Documentary: Considering that Super Size Me lost last year to a political screed, Morgan Freeman Never Shuts the Hell Up, This Time about Penguins seems likely to lose to Darwin's Nightmare.
Animated: Wallace & Gromit, because their warehouse burned down.

I've said it before, and I'll say it again: a year that falls somewhere between "underwhelming" and "aggressively bad" gets the capstone awards ceremony it deserves.

Alex Jackson said...

I liked Reese Witherspoon better than any of the other nominees actually (sad lot really), but I still think that Felicity Huffman has a lock on it. Showier work.

Jefferson Robbins said...

How easy can it be when your only clue is Jodie Foster and a little kid? I mean, that feels like about a dozen of her movies.

Anonymous said...

RE: Best Actress.

Showier work? Sure, but that's hardly made a difference during the entirety of this awards season-- Huffman's the only likely spoiler, but she's a far cry from a lock.

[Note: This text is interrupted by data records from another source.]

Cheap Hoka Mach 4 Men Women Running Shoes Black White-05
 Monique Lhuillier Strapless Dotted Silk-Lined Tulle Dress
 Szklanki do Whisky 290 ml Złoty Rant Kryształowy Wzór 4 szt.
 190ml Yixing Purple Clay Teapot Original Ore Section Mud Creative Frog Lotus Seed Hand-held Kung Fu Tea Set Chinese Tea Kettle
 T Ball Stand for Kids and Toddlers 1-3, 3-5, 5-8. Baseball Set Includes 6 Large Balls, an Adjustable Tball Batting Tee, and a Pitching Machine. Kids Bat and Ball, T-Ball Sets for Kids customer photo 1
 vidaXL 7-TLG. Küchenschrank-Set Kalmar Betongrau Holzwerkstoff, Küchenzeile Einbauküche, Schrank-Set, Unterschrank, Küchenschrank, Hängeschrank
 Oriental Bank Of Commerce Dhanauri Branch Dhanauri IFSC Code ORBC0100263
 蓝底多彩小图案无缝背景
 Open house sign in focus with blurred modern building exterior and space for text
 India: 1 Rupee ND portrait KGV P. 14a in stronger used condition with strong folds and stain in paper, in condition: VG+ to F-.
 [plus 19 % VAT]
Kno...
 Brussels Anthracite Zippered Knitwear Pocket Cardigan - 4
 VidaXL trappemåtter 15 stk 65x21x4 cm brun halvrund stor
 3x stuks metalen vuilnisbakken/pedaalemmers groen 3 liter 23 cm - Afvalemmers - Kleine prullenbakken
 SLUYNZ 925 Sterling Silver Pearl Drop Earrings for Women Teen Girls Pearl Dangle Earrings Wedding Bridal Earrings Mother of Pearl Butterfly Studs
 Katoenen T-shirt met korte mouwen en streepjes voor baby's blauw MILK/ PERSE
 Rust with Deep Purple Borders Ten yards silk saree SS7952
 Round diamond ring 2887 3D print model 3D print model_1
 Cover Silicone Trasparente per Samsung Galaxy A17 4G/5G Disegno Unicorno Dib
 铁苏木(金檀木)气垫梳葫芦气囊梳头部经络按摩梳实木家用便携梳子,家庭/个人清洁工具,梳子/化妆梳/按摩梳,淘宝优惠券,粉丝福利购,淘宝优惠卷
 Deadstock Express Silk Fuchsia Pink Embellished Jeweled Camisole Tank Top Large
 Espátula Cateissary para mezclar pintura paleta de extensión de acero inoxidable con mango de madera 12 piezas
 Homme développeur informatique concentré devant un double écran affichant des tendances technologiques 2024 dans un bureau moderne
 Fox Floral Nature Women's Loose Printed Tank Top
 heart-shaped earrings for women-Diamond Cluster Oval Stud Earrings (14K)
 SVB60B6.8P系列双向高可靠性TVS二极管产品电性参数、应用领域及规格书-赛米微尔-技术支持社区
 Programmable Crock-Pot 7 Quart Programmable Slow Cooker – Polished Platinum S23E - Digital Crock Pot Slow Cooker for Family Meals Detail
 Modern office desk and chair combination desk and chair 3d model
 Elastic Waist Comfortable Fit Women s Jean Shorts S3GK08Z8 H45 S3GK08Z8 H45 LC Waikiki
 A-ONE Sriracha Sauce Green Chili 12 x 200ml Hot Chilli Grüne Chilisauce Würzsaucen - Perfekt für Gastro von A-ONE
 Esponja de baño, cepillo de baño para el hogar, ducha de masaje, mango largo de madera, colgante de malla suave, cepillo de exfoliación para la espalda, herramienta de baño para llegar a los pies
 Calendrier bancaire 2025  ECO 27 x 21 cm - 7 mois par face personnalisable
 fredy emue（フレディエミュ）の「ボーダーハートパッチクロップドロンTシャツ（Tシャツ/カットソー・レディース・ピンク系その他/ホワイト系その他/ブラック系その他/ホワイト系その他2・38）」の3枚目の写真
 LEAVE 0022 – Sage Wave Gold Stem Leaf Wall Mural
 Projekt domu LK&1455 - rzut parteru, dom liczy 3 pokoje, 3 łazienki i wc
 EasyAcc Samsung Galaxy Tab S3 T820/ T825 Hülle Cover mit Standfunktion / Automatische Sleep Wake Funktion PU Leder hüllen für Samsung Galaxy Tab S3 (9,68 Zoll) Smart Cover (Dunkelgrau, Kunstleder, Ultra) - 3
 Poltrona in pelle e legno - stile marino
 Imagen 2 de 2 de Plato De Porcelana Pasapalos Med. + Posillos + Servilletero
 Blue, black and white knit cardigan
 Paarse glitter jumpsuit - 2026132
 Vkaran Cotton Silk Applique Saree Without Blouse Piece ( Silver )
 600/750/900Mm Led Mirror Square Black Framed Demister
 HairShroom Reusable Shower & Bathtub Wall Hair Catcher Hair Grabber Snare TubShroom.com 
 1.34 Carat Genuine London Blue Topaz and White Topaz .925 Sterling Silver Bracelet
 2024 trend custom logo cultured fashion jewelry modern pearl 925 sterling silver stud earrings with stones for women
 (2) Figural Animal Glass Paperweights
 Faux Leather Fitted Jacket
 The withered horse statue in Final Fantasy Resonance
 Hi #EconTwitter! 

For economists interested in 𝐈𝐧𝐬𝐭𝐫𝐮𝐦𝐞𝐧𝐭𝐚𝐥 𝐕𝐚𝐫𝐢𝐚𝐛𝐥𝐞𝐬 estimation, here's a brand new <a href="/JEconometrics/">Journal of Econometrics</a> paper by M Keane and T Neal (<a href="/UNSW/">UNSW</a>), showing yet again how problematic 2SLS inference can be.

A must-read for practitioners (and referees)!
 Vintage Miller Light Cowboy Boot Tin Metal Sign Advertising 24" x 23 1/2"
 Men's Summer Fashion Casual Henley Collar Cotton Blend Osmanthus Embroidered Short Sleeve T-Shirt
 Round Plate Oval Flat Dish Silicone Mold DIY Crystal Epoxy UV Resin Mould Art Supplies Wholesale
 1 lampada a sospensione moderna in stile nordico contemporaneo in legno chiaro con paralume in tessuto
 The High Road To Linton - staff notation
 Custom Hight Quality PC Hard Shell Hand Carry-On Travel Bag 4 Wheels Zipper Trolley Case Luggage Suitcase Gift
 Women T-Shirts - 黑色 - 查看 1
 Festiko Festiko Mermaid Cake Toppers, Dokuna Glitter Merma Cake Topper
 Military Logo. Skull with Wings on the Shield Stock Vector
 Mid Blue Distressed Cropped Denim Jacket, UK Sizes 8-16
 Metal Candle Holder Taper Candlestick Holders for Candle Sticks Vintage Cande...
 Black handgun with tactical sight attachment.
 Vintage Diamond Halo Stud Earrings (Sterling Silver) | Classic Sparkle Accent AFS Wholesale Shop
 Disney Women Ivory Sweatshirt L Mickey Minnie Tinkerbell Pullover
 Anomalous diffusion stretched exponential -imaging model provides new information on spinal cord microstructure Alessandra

Looking at the precursors, Witherspoon has won the following: "Best Actress" awards from the Golden Globes (Musical / Comedy), BFCA, and SAG, plus New York, Boston, DC, San Fransisco, Las Vegas, Utah, Florida, Kansas, "National Society of," Cinemarati, and Online film critics' group awards. Huffman has: Golden Globe (Drama), plus Southeast, Dallas / Fort Worth, and Phoenix film critics' groups.

Oscar voters aren't going to look at their ballots and say, "Who am I to defy the Las Vegas Film Critics Association?," obviously, but what all of the overwhelming precursor love suggests is that Witherspoon is way, way out in front. As for Huffman, her performance has its fans, but at this point she's the Shoh-Ash to Witherspoon's Zellweger. And, as was the case in that head-to-head, the performer who can get over $100M of asses into theaters is the performer that AMPAS is going to recognize.

Anonymous said...

I'll just say, Bill, that you have a way of making an idiot feel like an idiot.

Bill C said...

It's a gift, BLH. But seriously, don't sweat it; and to all the winners, your disc is on the way.